## [Exercise objective]
Retype the entries below exactly, and keep every picture out of your version.
+++++
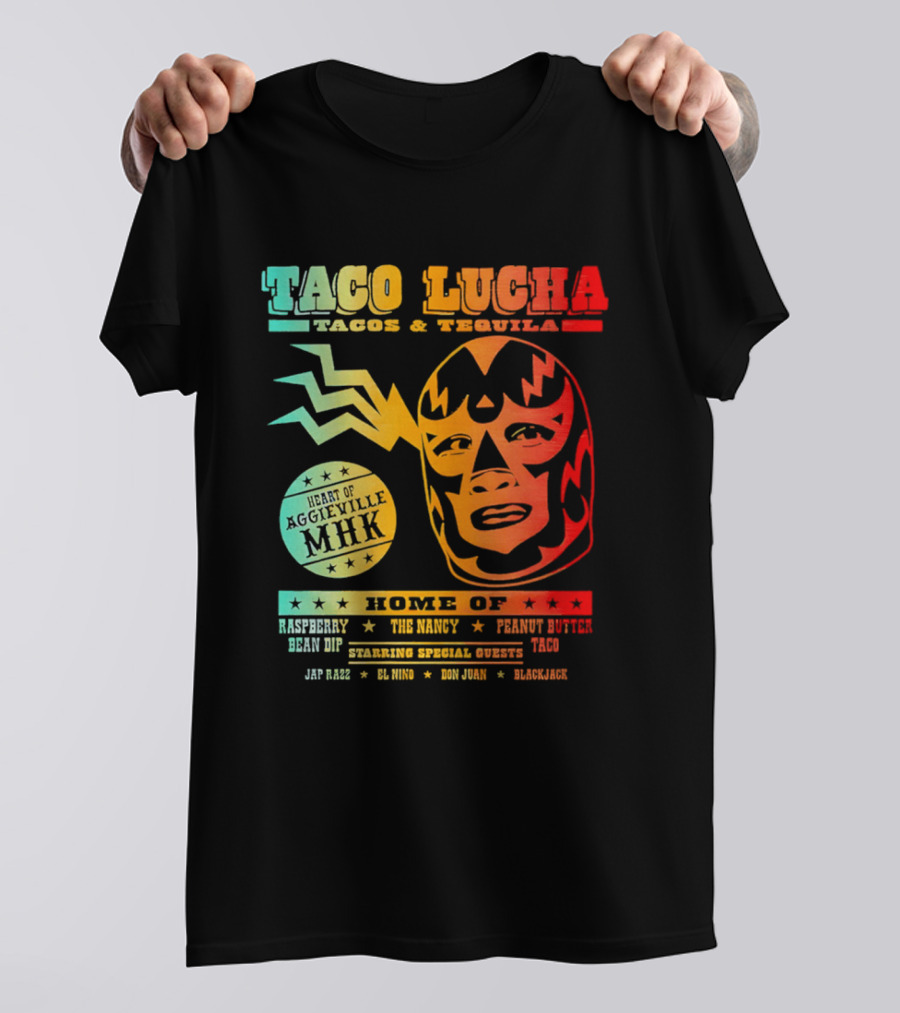 Taco Lucha Tacos Tequila MHK Luchador Mask Raspberry Bean Dip Peanut Butter Taco T-Shirt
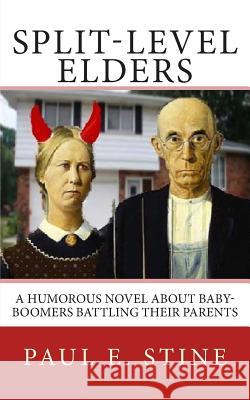 Split-Level Elders: A Humorous Novel about Baby-Boomers Battling their Parents Stine, Paul E. 9780692283967 Paul E. Stine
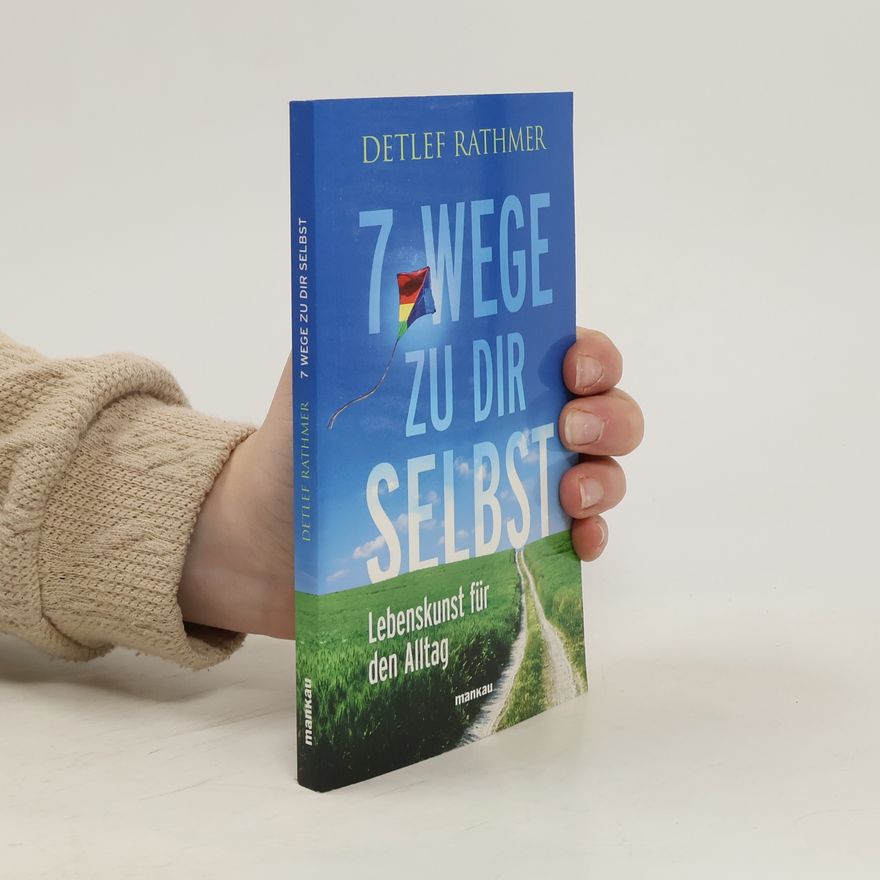 Detlef Rathmer 7 Wege zu Dir selbst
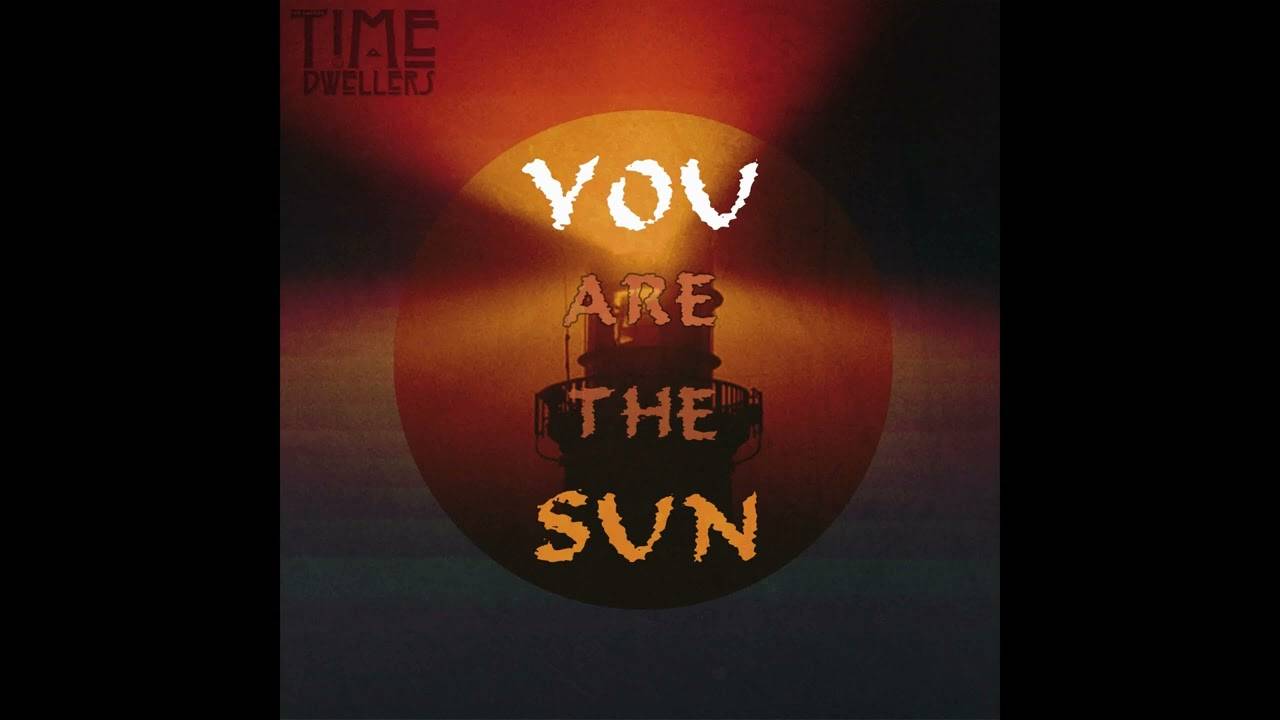 Time Dwellers veut du soleil - You Are the Sun (actualité) Time Dwellers veut du soleil - You Are the Sun (actualité)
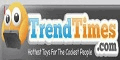 Trend Times Toys Coupons + cashback Trend Times Toys Coupons + cashback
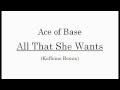 All that she wants - Ace of Base | ( Kaffeine remix ...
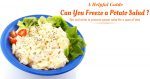 Can You Freeze a Potato Salad? (A Helpful Guide)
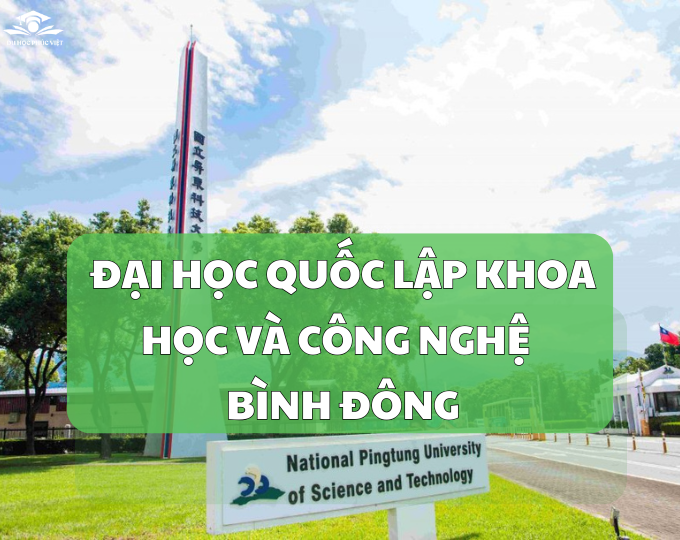 Tổng quan trường đại học Khoa Học Kỹ Thuật Bình Đông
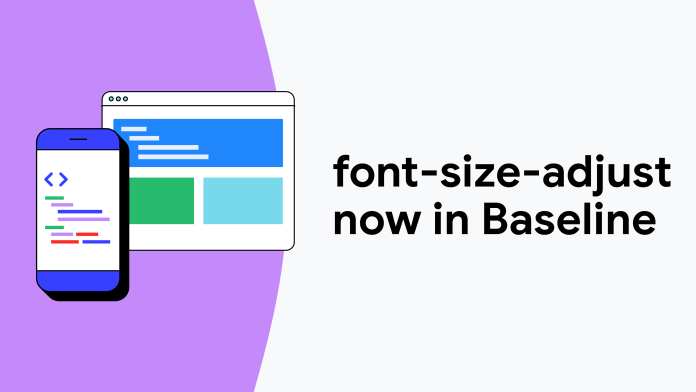 CSS font-size-adjust is now in Baseline  |  Blog  |  web.dev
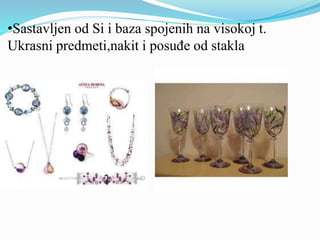 •Sastavljen od Si i baza spojenih na visokoj t.
Ukrasni predmeti,nakit i posuđe od stakla
 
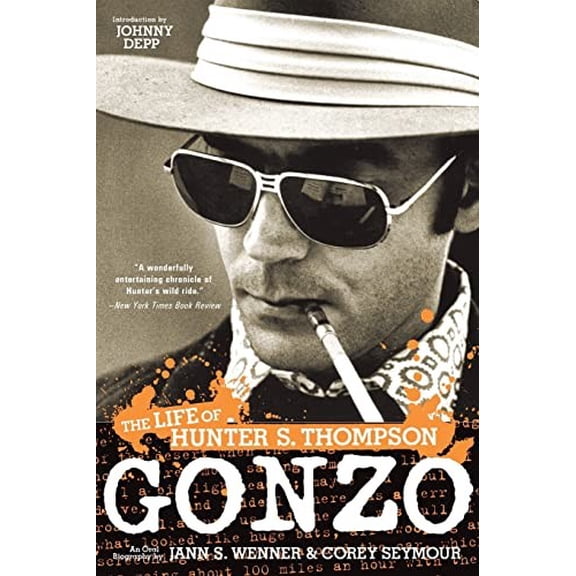 Pre-Owned Gonzo: The Life of Hunter S. Thompson (Paperback) 0316005282 9780316005289
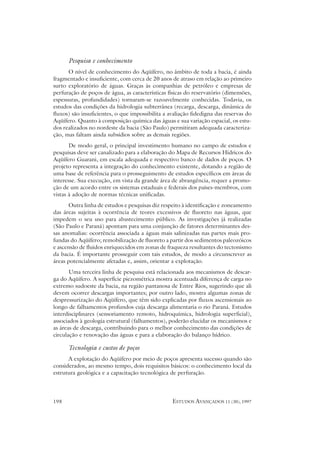 Pesquisa e conhecimento
      O nível de conhecimento do Aqüífero, no âmbito de toda a bacia, é ainda
fragmentado e insuficiente, com cerca de 20 anos de atraso em relação ao primeiro
surto exploratório de águas. Graças às companhias de petróleo e empresas de
perfuração de poços de água, as características físicas do reservatório (dimensões,
espessuras, profundidades) tornaram-se razoavelmente conhecidas. Todavia, os
estudos das condições da hidrologia subterrânea (recarga, descarga, dinâmica de
fluxos) são insuficientes, o que impossibilita a avaliação fidedigna das reservas do
Aqüífero. Quanto à composição química das águas e sua variação espacial, os estu-
dos realizados no nordeste da bacia (São Paulo) permitiram adequada caracteriza-
ção, mas faltam ainda subsídios sobre as demais regiões.
       De modo geral, o principal investimento humano no campo de estudos e
pesquisas deve ser canalizado para a elaboração do Mapa de Recursos Hídricos do
Aqüífero Guarani, em escala adequada e respectivo banco de dados de poços. O
projeto representa a integração do conhecimento existente, dotando a região de
uma base de referência para o prosseguimento de estudos específicos em áreas de
interesse. Sua execução, em vista da grande área de abrangência, requer a promo-
ção de um acordo entre os sistemas estaduais e federais dos países-membros, com
vistas à adoção de normas técnicas unificadas.
      Outra linha de estudos e pesquisas diz respeito à identificação e zoneamento
das áreas sujeitas à ocorrência de teores excessivos de fluoreto nas águas, que
impedem o seu uso para abastecimento público. As investigações já realizadas
(São Paulo e Paraná) apontam para uma conjunção de fatores determinantes des-
sas anomalias: ocorrência associada a águas mais salinizadas nas partes mais pro-
fundas do Aqüífero; remobilização de fluoreto a partir dos sedimentos paleozóicos
e ascensão de fluidos enriquecidos em zonas de fraqueza resultantes do tectonismo
da bacia. É importante prosseguir com tais estudos, de modo a circunscrever as
áreas potencialmente afetadas e, assim, orientar a explotação.
       Uma terceira linha de pesquisa está relacionada aos mecanismos de descar-
ga do Aqüífero. A superfície piezométrica mostra acentuada diferença de carga no
extremo sudoeste da bacia, na região pantanosa de Entre Rios, sugerindo que ali
devem ocorrer descargas importantes; por outro lado, mostra algumas zonas de
despressurização do Aqüífero, que têm sido explicadas por fluxos ascensionais ao
longo de falhamentos profundos cuja descarga alimentaria o rio Paraná. Estudos
interdisciplinares (sensoriamento remoto, hidroquímica, hidrologia superficial),
associados à geologia estrutural (falhamentos), poderão elucidar os mecanismos e
as áreas de descarga, contribuindo para o melhor conhecimento das condições de
circulação e renovação das águas e para a elaboração do balanço hídrico.

      Tecnologia e custos de poços
      A explotação do Aqüífero por meio de poços apresenta sucesso quando são
considerados, ao mesmo tempo, dois requisitos básicos: o conhecimento local da
estrutura geológica e a capacitação tecnológica de perfuração.




198                                               ESTUDOS AVANÇADOS 11 (30), 1997
 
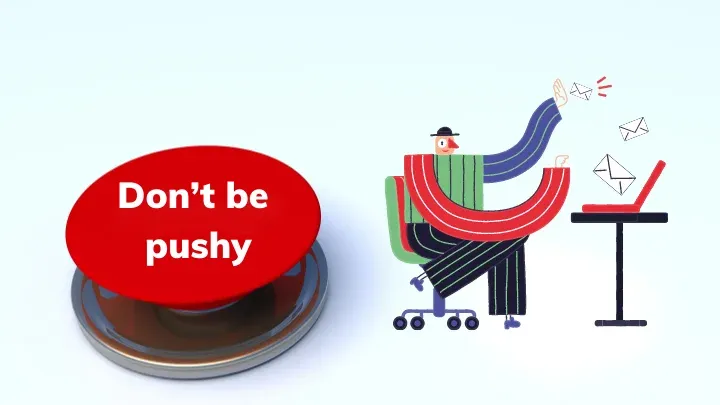 don t be pushy conclusion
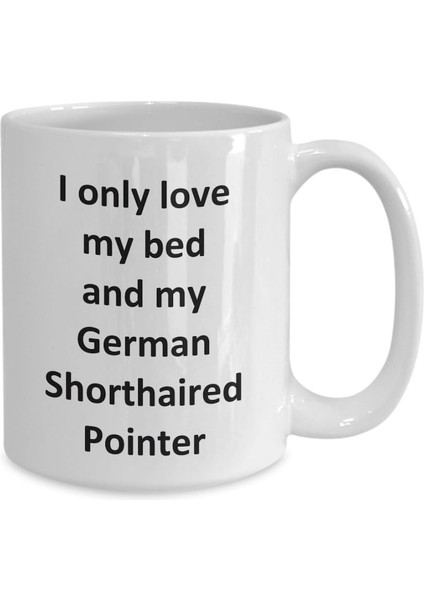 Komik Alman Shorthaired Pointer Kupa - Love My Bed ve German Shorthaired - Ingilizce Kahve Kupa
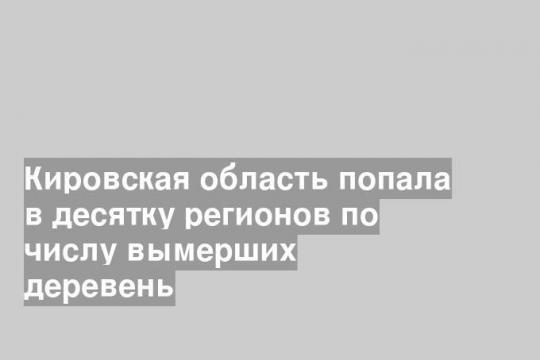 Кировская область попала в десятку регионов по числу вымерших деревень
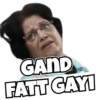 GAND
FATT GAYI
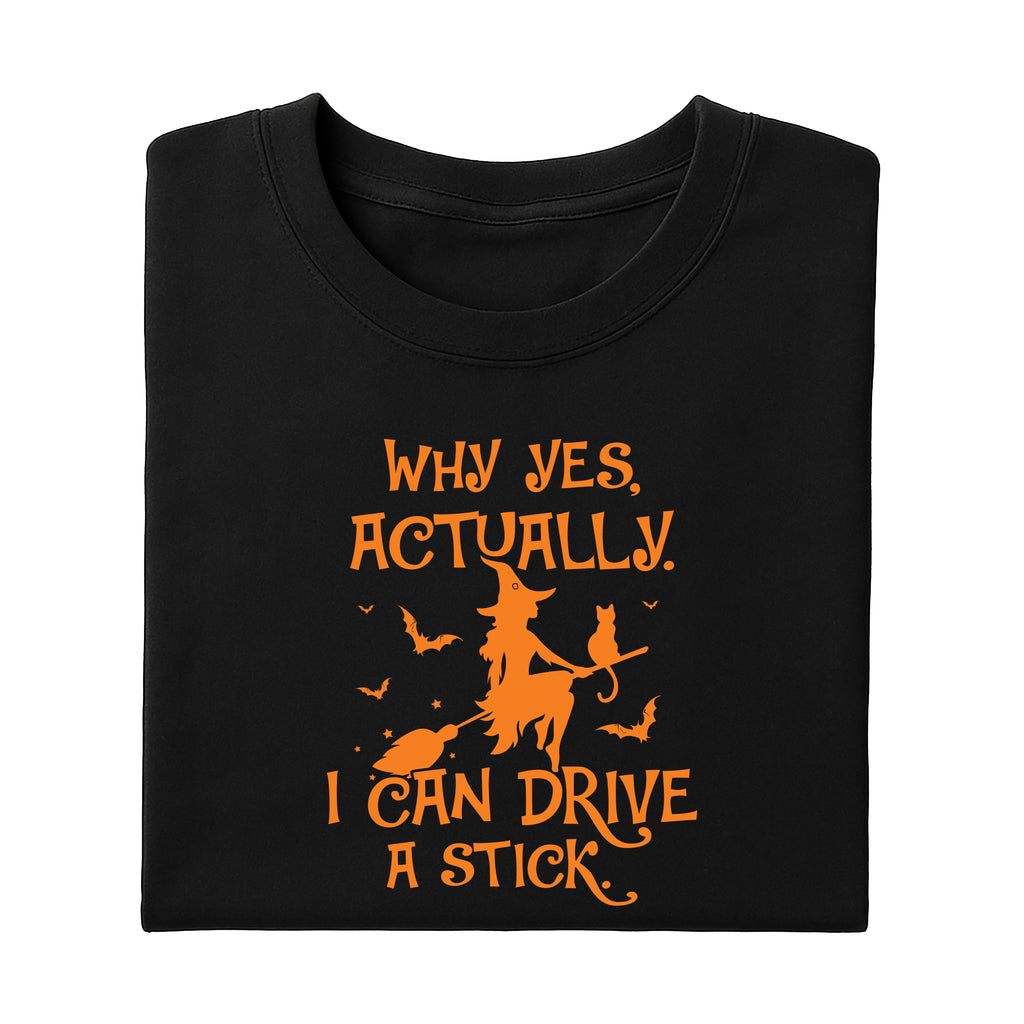 Yes I Can Drive A Stick Shirt, Halloween Women Shirt, Funny Halloween Tee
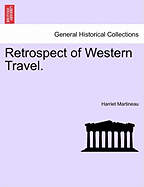 Retrospect of Western Travel. - Martineau, Harriet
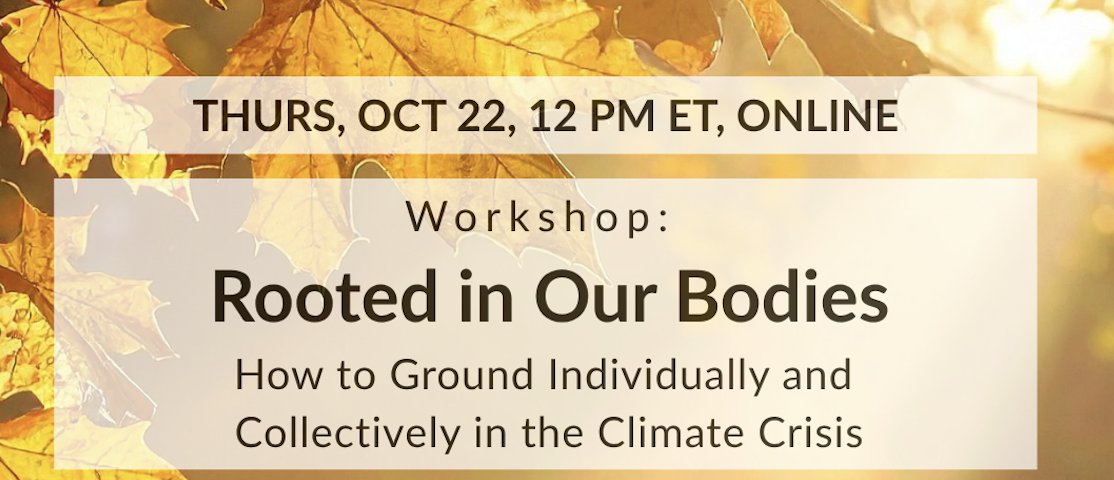 Rooted in Our Bodies: How to Ground Individually and Collectively in the Climate Crisis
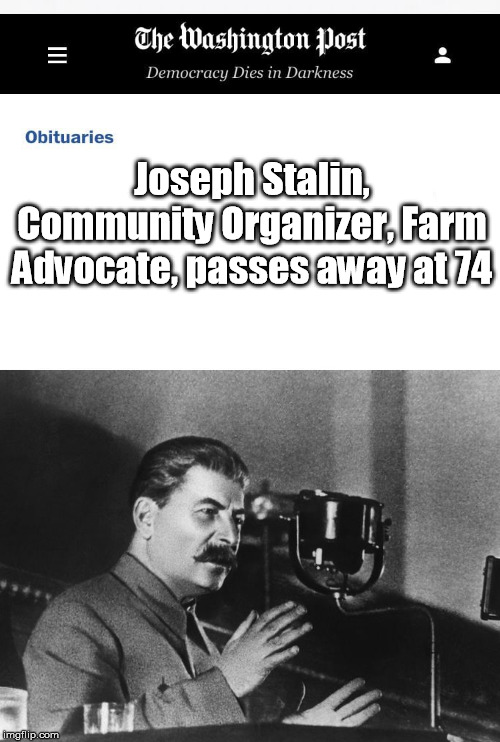 Joseph Stalin, Community Organizer, Farm Advocate, passes away at 74 | image tagged in washington post | made w/ Imgflip meme maker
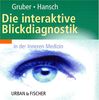 Interaktiver Atlas der Blickdiagnostik in der Inneren Medizin, 1 CD-ROM Für Windows 98/ME/NT/2000/XP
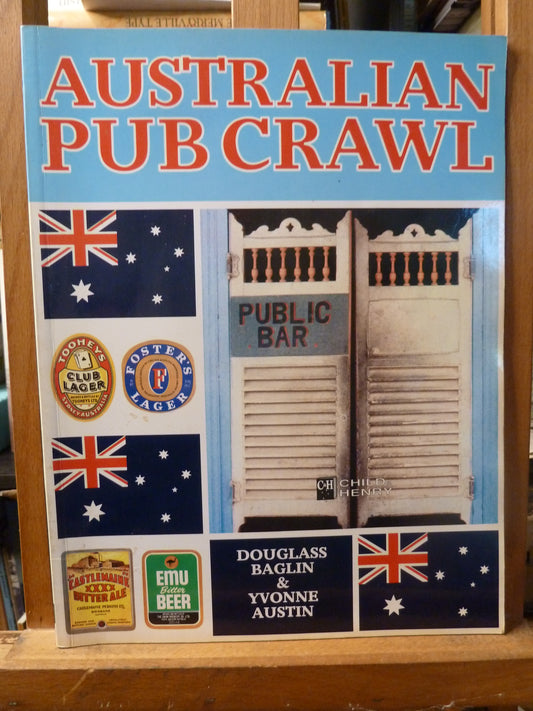 Australian Pub Crawl by Douglass Baglin and Yvonne Austin-Book-Tilbrook and Co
+++++
## [Task result]
 Taco Lucha Tacos Tequila MHK Luchador Mask Raspberry Bean Dip Peanut Butter Taco T-Shirt
 Split-Level Elders: A Humorous Novel about Baby-Boomers Battling their Parents Stine, Paul E. 9780692283967 Paul E. Stine
 Detlef Rathmer 7 Wege zu Dir selbst
 Time Dwellers veut du soleil - You Are the Sun (actualité) Time Dwellers veut du soleil - You Are the Sun (actualité)
 Trend Times Toys Coupons + cashback Trend Times Toys Coupons + cashback
 All that she wants - Ace of Base | ( Kaffeine remix ...
 Can You Freeze a Potato Salad? (A Helpful Guide)
 Tổng quan trường đại học Khoa Học Kỹ Thuật Bình Đông
 CSS font-size-adjust is now in Baseline  |  Blog  |  web.dev
 •Sastavljen od Si i baza spojenih na visokoj t.
Ukrasni predmeti,nakit i posuđe od stakla
 
 Pre-Owned Gonzo: The Life of Hunter S. Thompson (Paperback) 0316005282 9780316005289
 Pesquisa e conhecimento
      O nível de conhecimento do Aqüífero, no âmbito de toda a bacia, é ainda
fragmentado e insuficiente, com cerca de 20 anos de atraso em relação ao primeiro
surto exploratório de águas. Graças às companhias de petróleo e empresas de
perfuração de poços de água, as características físicas do reservatório (dimensões,
espessuras, profundidades) tornaram-se razoavelmente conhecidas. Todavia, os
estudos das condições da hidrologia subterrânea (recarga, descarga, dinâmica de
fluxos) são insuficientes, o que impossibilita a avaliação fidedigna das reservas do
Aqüífero. Quanto à composição química das águas e sua variação espacial, os estu-
dos realizados no nordeste da bacia (São Paulo) permitiram adequada caracteriza-
ção, mas faltam ainda subsídios sobre as demais regiões.
       De modo geral, o principal investimento humano no campo de estudos e
pesquisas deve ser canalizado para a elaboração do Mapa de Recursos Hídricos do
Aqüífero Guarani, em escala adequada e respectivo banco de dados de poços. O
projeto representa a integração do conhecimento existente, dotando a região de
uma base de referência para o prosseguimento de estudos específicos em áreas de
interesse. Sua execução, em vista da grande área de abrangência, requer a promo-
ção de um acordo entre os sistemas estaduais e federais dos países-membros, com
vistas à adoção de normas técnicas unificadas.
      Outra linha de estudos e pesquisas diz respeito à identificação e zoneamento
das áreas sujeitas à ocorrência de teores excessivos de fluoreto nas águas, que
impedem o seu uso para abastecimento público. As investigações já realizadas
(São Paulo e Paraná) apontam para uma conjunção de fatores determinantes des-
sas anomalias: ocorrência associada a águas mais salinizadas nas partes mais pro-
fundas do Aqüífero; remobilização de fluoreto a partir dos sedimentos paleozóicos
e ascensão de fluidos enriquecidos em zonas de fraqueza resultantes do tectonismo
da bacia. É importante prosseguir com tais estudos, de modo a circunscrever as
áreas potencialmente afetadas e, assim, orientar a explotação.
       Uma terceira linha de pesquisa está relacionada aos mecanismos de descar-
ga do Aqüífero. A superfície piezométrica mostra acentuada diferença de carga no
extremo sudoeste da bacia, na região pantanosa de Entre Rios, sugerindo que ali
devem ocorrer descargas importantes; por outro lado, mostra algumas zonas de
despressurização do Aqüífero, que têm sido explicadas por fluxos ascensionais ao
longo de falhamentos profundos cuja descarga alimentaria o rio Paraná. Estudos
interdisciplinares (sensoriamento remoto, hidroquímica, hidrologia superficial),
associados à geologia estrutural (falhamentos), poderão elucidar os mecanismos e
as áreas de descarga, contribuindo para o melhor conhecimento das condições de
circulação e renovação das águas e para a elaboração do balanço hídrico.

      Tecnologia e custos de poços
      A explotação do Aqüífero por meio de poços apresenta sucesso quando são
considerados, ao mesmo tempo, dois requisitos básicos: o conhecimento local da
estrutura geológica e a capacitação tecnológica de perfuração.




198                                               ESTUDOS AVANÇADOS 11 (30), 1997
 
 don t be pushy conclusion
 Komik Alman Shorthaired Pointer Kupa - Love My Bed ve German Shorthaired - Ingilizce Kahve Kupa
 Кировская область попала в десятку регионов по числу вымерших деревень
 GAND
FATT GAYI
 Yes I Can Drive A Stick Shirt, Halloween Women Shirt, Funny Halloween Tee
 Retrospect of Western Travel. - Martineau, Harriet
 Rooted in Our Bodies: How to Ground Individually and Collectively in the Climate Crisis
 Joseph Stalin, Community Organizer, Farm Advocate, passes away at 74 | image tagged in washington post | made w/ Imgflip meme maker
 Interaktiver Atlas der Blickdiagnostik in der Inneren Medizin, 1 CD-ROM Für Windows 98/ME/NT/2000/XP
 Australian Pub Crawl by Douglass Baglin and Yvonne Austin-Book-Tilbrook and Co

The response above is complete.